# Exploring COCO & DETR for Object Detection

Let's first make sure that a GPU is available.

In [None]:
!nvidia-smi

## Prep imports and helper functions

In [None]:
# Imports
import sys
sys.path.append('/')
sys.path.append('/detr')
import os
import json
from attrdict import AttrDict

import numpy as np
import torch
from torch import nn
import torchvision.transforms as T


import matplotlib.pyplot as plt
from matplotlib.patches import Rectangle

from determined.experimental import Determined
from determined.pytorch import PyTorchTrialContext

sys.path.append('detr_coco_pytorch')
from data import CocoDetection, build_dataset
from model import build_model

In [None]:
# Utility functions
# COCO classes
CLASSES = [
    'N/A', 'person', 'bicycle', 'car', 'motorcycle', 'airplane', 'bus',
    'train', 'truck', 'boat', 'traffic light', 'fire hydrant', 'N/A',
    'stop sign', 'parking meter', 'bench', 'bird', 'cat', 'dog', 'horse',
    'sheep', 'cow', 'elephant', 'bear', 'zebra', 'giraffe', 'N/A', 'backpack',
    'umbrella', 'N/A', 'N/A', 'handbag', 'tie', 'suitcase', 'frisbee', 'skis',
    'snowboard', 'sports ball', 'kite', 'baseball bat', 'baseball glove',
    'skateboard', 'surfboard', 'tennis racket', 'bottle', 'N/A', 'wine glass',
    'cup', 'fork', 'knife', 'spoon', 'bowl', 'banana', 'apple', 'sandwich',
    'orange', 'broccoli', 'carrot', 'hot dog', 'pizza', 'donut', 'cake',
    'chair', 'couch', 'potted plant', 'bed', 'N/A', 'dining table', 'N/A',
    'N/A', 'toilet', 'N/A', 'tv', 'laptop', 'mouse', 'remote', 'keyboard',
    'cell phone', 'microwave', 'oven', 'toaster', 'sink', 'refrigerator', 'N/A',
    'book', 'clock', 'vase', 'scissors', 'teddy bear', 'hair drier',
    'toothbrush'
]

# colors for visualization
COLORS = [[0.000, 0.447, 0.741], [0.850, 0.325, 0.098], [0.929, 0.694, 0.125],
          [0.494, 0.184, 0.556], [0.466, 0.674, 0.188], [0.301, 0.745, 0.933]]

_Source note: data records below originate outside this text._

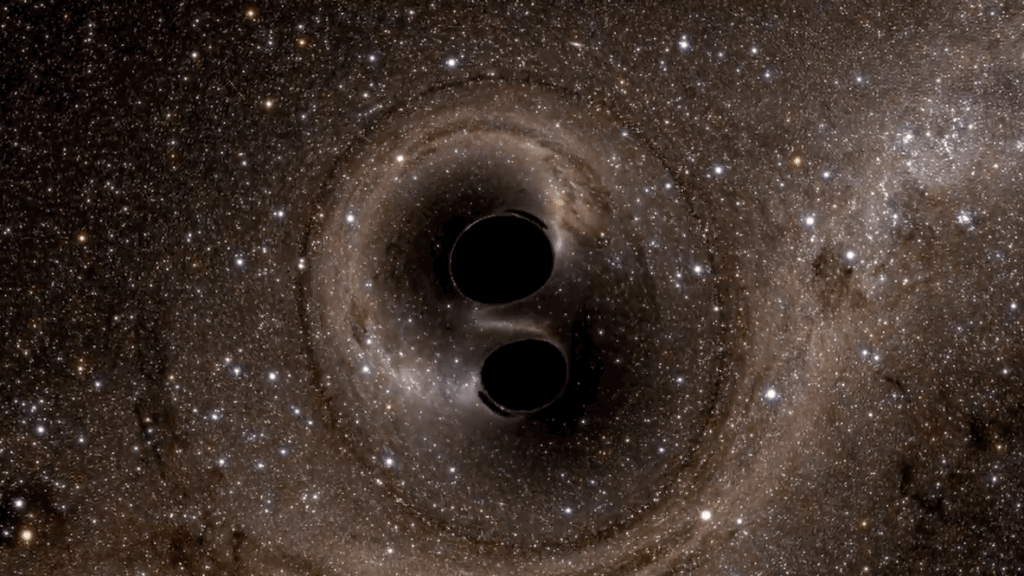 October’s Night Sky Notes: Let’s Go, LIGO!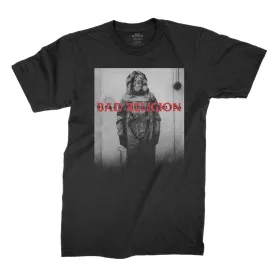 Bad Religion Hazmat T-Shirt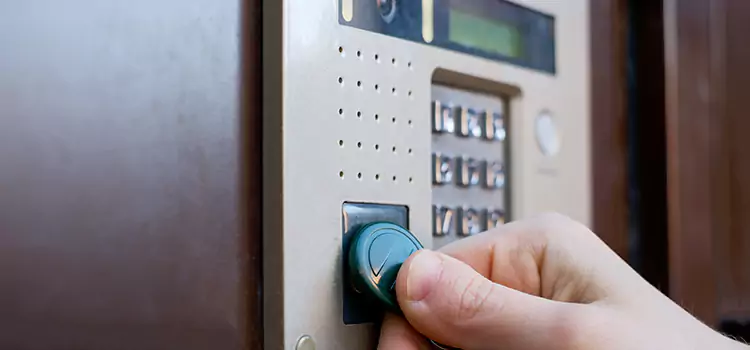 Enhanced Security Features Shawnee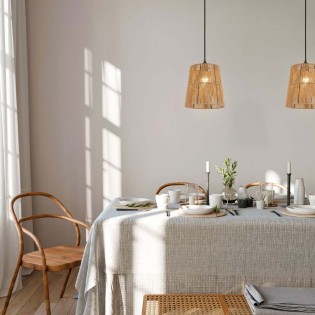 Pendant lamp Holm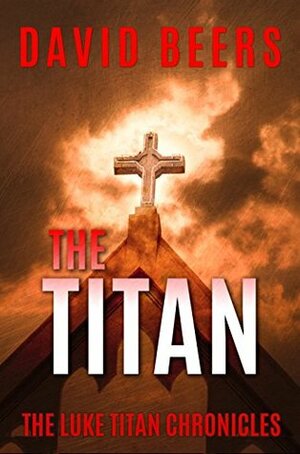 The Titan by David Beers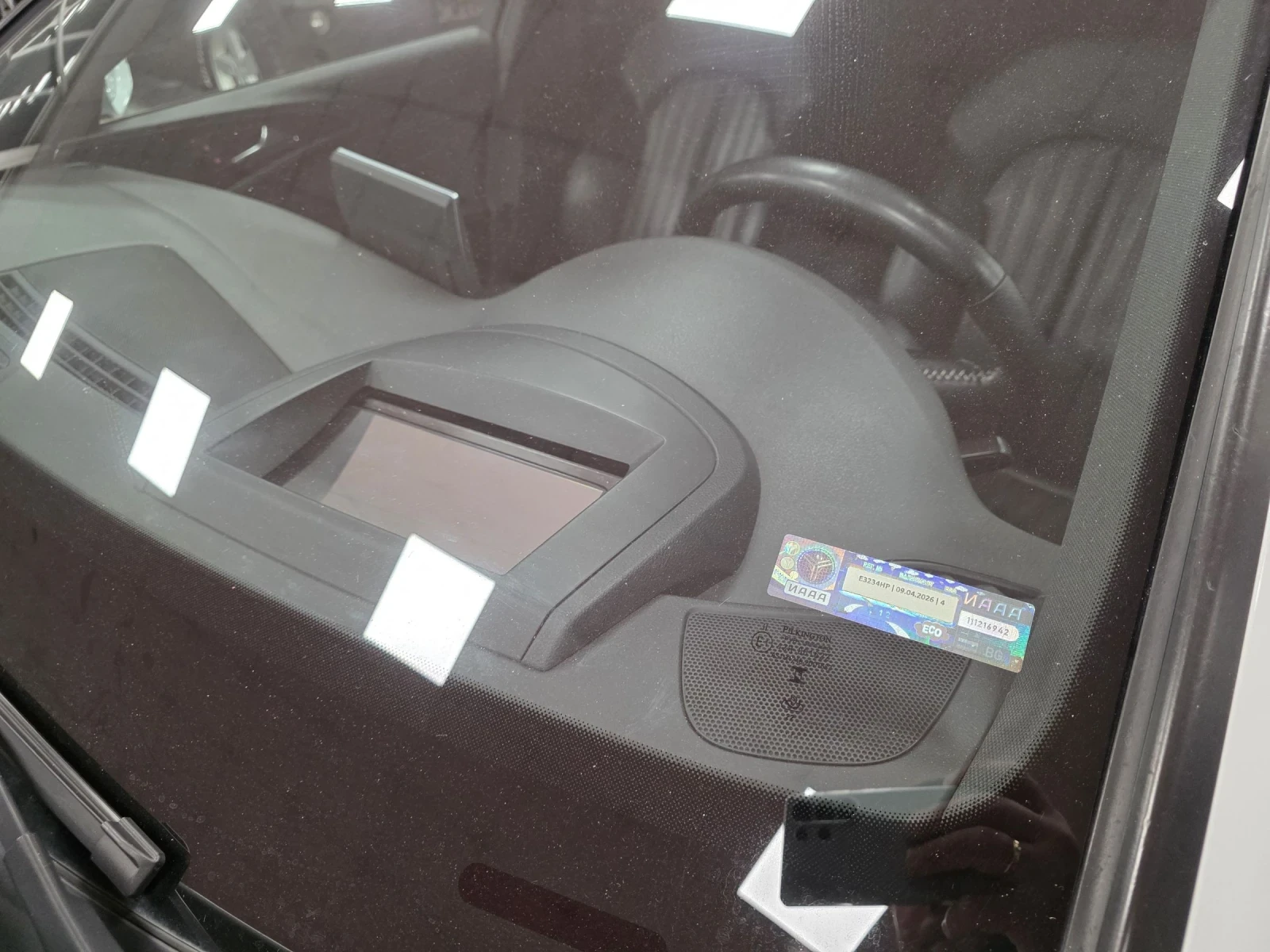 Audi A6 3.0 TDI | Quattro | S-line x 2 | Сменени вериги, снимка 13 - Автомобили и джипове - 53752861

# This function will help us plot images and bounding boxes with class labels.
def plot_results(pil_img, class_ids, boxes):
    plt.figure(figsize=(16,10))
    plt.imshow(pil_img)
    ax = plt.gca()
    colors = COLORS * 100
    for cl, (xmin, ymin, xmax, ymax), c in zip(class_ids, boxes.tolist(), colors):
        ax.add_patch(plt.Rectangle((xmin, ymin), xmax - xmin, ymax - ymin,
                                   fill=False, color=c, linewidth=3))
        text = f'{CLASSES[cl]}'
        ax.text(xmin, ymin, text, fontsize=15,
                bbox=dict(facecolor='yellow', alpha=0.5))
    plt.axis('off')
    plt.show()

# Standard transform
transform = T.Compose([
    T.Resize(800),
    T.ToTensor(),
    T.Normalize([0.485, 0.456, 0.406], [0.229, 0.224, 0.225])
])

def box_cxcywh_to_xyxy(x):
    x_c, y_c, w, h = x.unbind(1)
    b = [(x_c - 0.5 * w), (y_c - 0.5 * h),
         (x_c + 0.5 * w), (y_c + 0.5 * h)]
    return torch.stack(b, dim=1)

def rescale_bboxes(out_bbox, size):
    img_w, img_h = size
    b = box_cxcywh_to_xyxy(out_bbox)
    b = b * torch.tensor([img_w, img_h, img_w, img_h], dtype=torch.float32)
    return b

# COCO Dataset

We will be working with the COCO 2017 dataset so let's first get familiar with what the data looks like.  Since the notebook you're using is launched and managed from the Determined cluster, it has already been configured to have access to a google storage bucket with COCO 2017 data.  We can just point the dataset to the right bucket to load image files.

In [None]:
dataset_val = CocoDetection(
    'gcs',
    'determined-ai-coco-dataset',
    'determined-ai-coco-dataset/val2017',
    '/tmp/instances_val2017.json',
    transforms=None,
    return_masks=False,
)

The COCO 2017 dataset has around 90 classes along with hierarchical grouping of classes by super category.  We will be tasked with predicting bounding boxes and classes for the granular classes.

In [None]:
dataset_val.coco.cats

Let's take a look at one of the images along with the associated target bounding boxes and classes.  As you can see, boxes can overlap and there can be multiple instances of the same object in one image.

In [None]:
datapoint = dataset_val[237]

In [None]:
plot_results(datapoint[0], datapoint[1]['labels'], datapoint[1]['boxes'])    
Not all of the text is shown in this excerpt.